Friday, 27 December 2019

Dan Reynolds Of Imagine Dragons Gifts Wife Aja Engagement Ring Following Tumultuous Couple Of Years – Read Her Candid Letter

The frontman of Imagine Dragons, Dan Reynolds, just surprised his wife, Aja Volkman with an engagement ring this Christmas! The piece of meaningful jewelry was received after more than a year and a half of them nearly splitting!

After the tumultuous two years in their relationship which nearly ended, the pair took time to ‘really see each other’ and it definitely sounds like they’ve reached a new understanding of what their marriage means for one another.

Before they almost filed for divorce last year, they tied the knot in 2011.

In April of 2018, they almost split for good only to reconcile in November of that same year.

Seeing how Dan surprised Aja with such a stunning engagement ring on Christmas, it’s safe to say they are in a much better place now.

She was obviously touched, taking to social media to post a pic of the gift and writing a lengthy message alongside it.

View this post on Instagram

Well, the last two years have been transformative to say the least.
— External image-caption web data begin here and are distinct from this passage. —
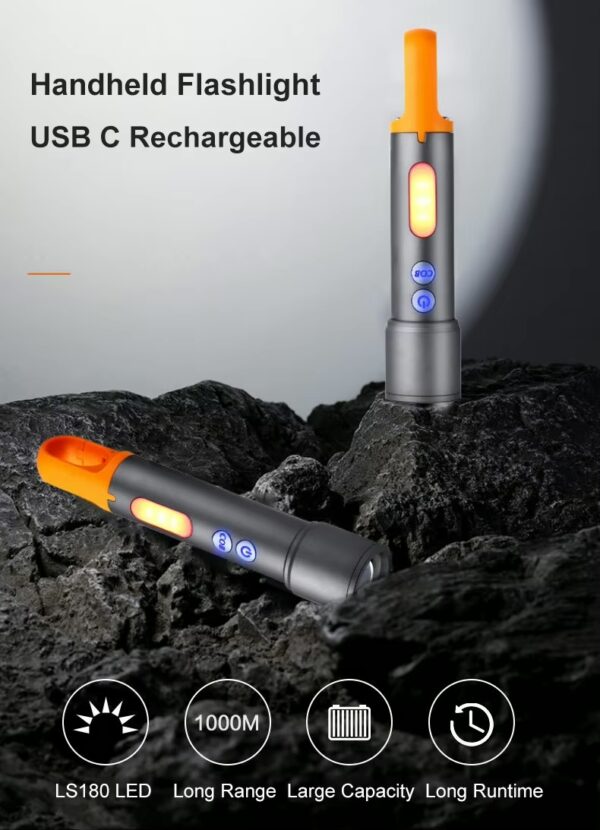 Linerna telescopica de aluminio 1200 lumenes (LIN-4-1)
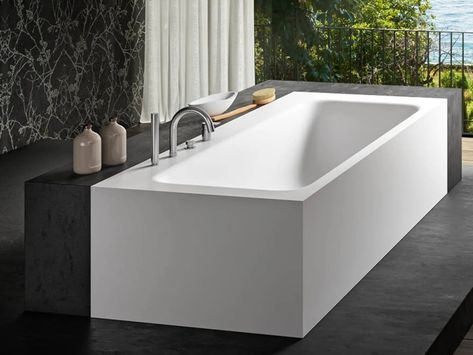 Freestanding rectangular bathtub SOREHA PANEL by Albatros Elegant Rectangular Baguette Diamond Bracelet, Luxury Rectangular Platinum Jewelry, Rectangle Soaking Tub, Rectangular Tub, Rectangular Bathtub, Freestanding Rectangular Bathtub, Price List, Bathroom Fixtures, Master Bath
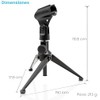 Pyle soporte para micrófono de escritorio - tripie ajustable en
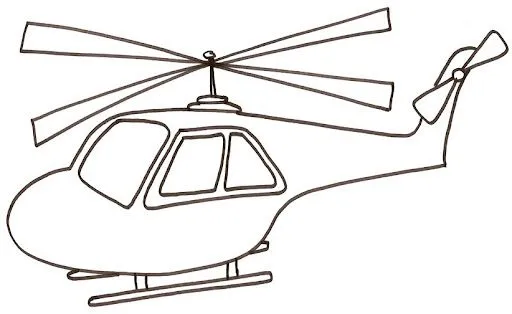 DIBUJOS PARA COLOREAR HELICOPTEROS | Dibujos para colorear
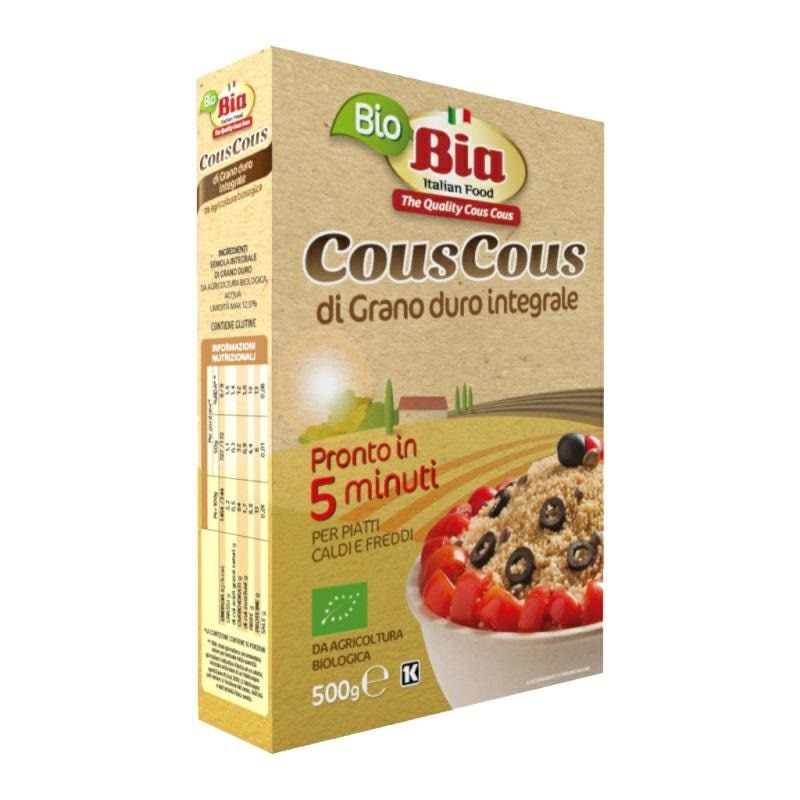 Cuscus din faina de grau dur ecologic BIA 500g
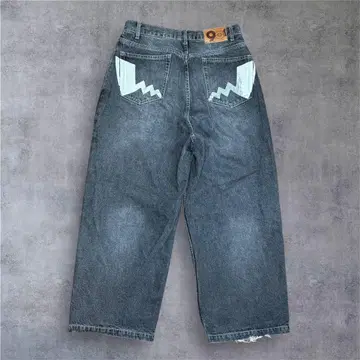 9090 나인티나인티 포켓몬 피카츄 워시드 데님 M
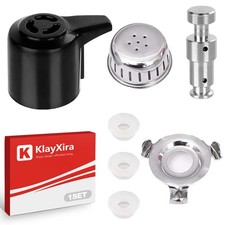 1 Set Pressure Cooker Steam Release Valve Repair Kit, Float Valve + Anti-Bloc... picture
I’ve never caused so much hurt or been so hurt by another human in my life. It took us a long time to really see each other. We weren’t reckless at all. In fact we were so careful that we didn’t do what we needed to do. We didn’t listen to who we were. We loved each other at the expense of everything. Two different backgrounds, and practically two different generations. It was a wild story that just kept getting more wild as time passed. We wrote love songs, and we got married. Then came children. We were both emotional and driven and also hard on ourselves. We went through a whirlwind of successes and failures and we held each other tight because it was scary. But we also suffocated each other. We didn’t know ourselves well enough to maintain the strength from within. And it all began to crumble. The world was harsh. There was so much love, but also criticism and ugliness. We weren’t prepared to be disliked or misunderstood. It hurt. We were distorted mirrors of each other. I missed the stage and he had too much of it. We fell apart. Our oldest daughter was suffering. Her foundation fell away and all that she knew was destroyed. We hated ourselves. The night was long. 7 months long. Then one evening he came to my door. I looked at him timidly because of all that I had gone through. Endless days of hiding in my closet crying beneath my clothes. Deep soul searching accompanied by the darkest thoughts that would eventually turn to light. He stood there on my porch and all I could see was my most favorite person staring back at me. I understood it all. We didn’t need the words. We were both forgiven..but… I wouldn’t put my ring back on. Even when we decided to stay together. I just couldn’t go back to what we were. I told him that we would have to start again. He agreed. Tonight we put our kids to bed and began to clean up the mess of the day. I could see that he was nervous but I didn’t know why. He got on one knee and before he could open his mouth I began to cry. Loaded tears that held nearly 10 years of growth. The answer has always been yes. Even before we knew what that meant.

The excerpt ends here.